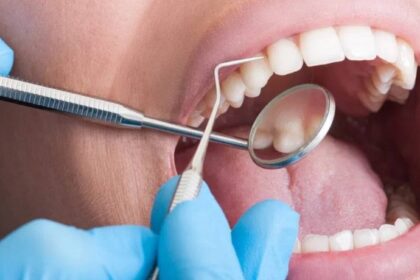 Role of Periodontal Treatments for Gum Health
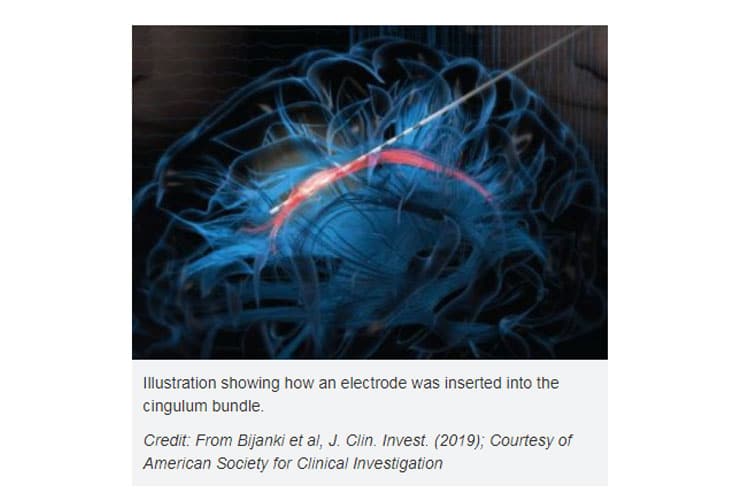 Brain-surgery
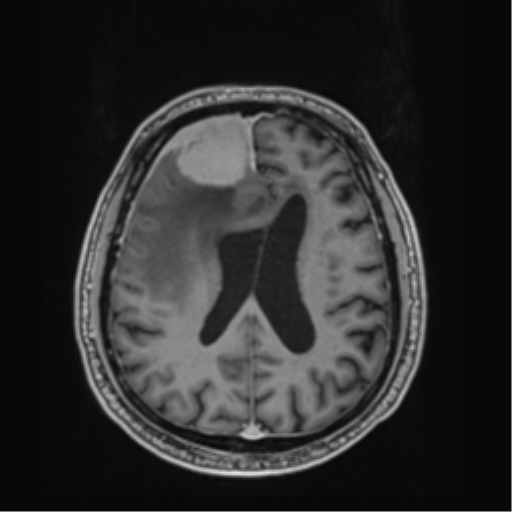 File:Atypical meningioma (WHO grade II) with brain invasion (Radiopaedia 57767-64729 Axial T1 C+ 31).png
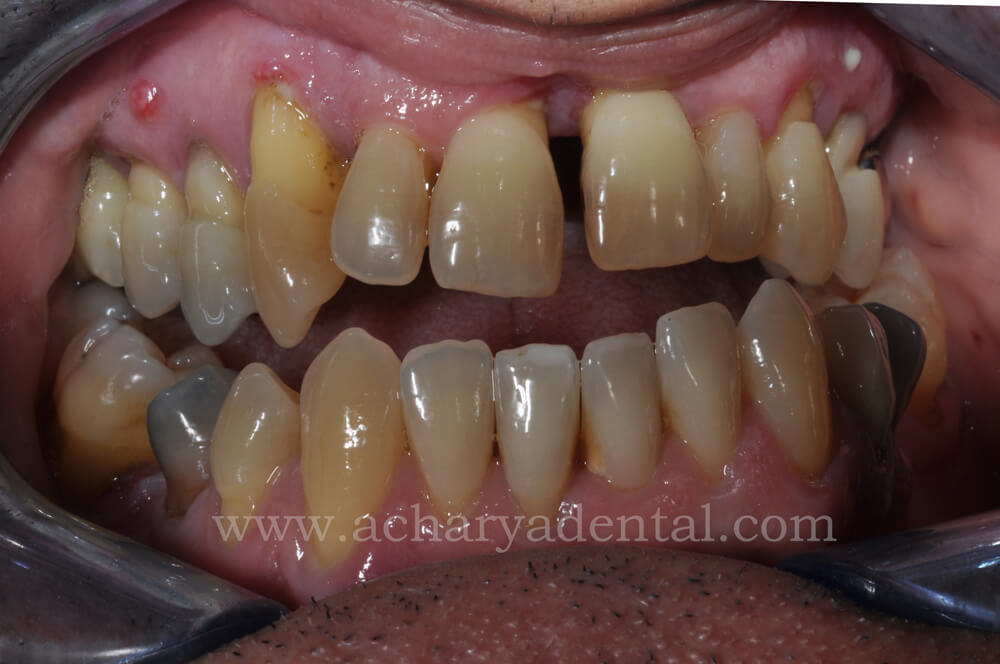 Dental Implant pre treatment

(What you have to do):
Copy the data word for word and omit every picture.

(Result of the exercise):
 Role of Periodontal Treatments for Gum Health
 Brain-surgery
 File:Atypical meningioma (WHO grade II) with brain invasion (Radiopaedia 57767-64729 Axial T1 C+ 31).png
 Dental Implant pre treatment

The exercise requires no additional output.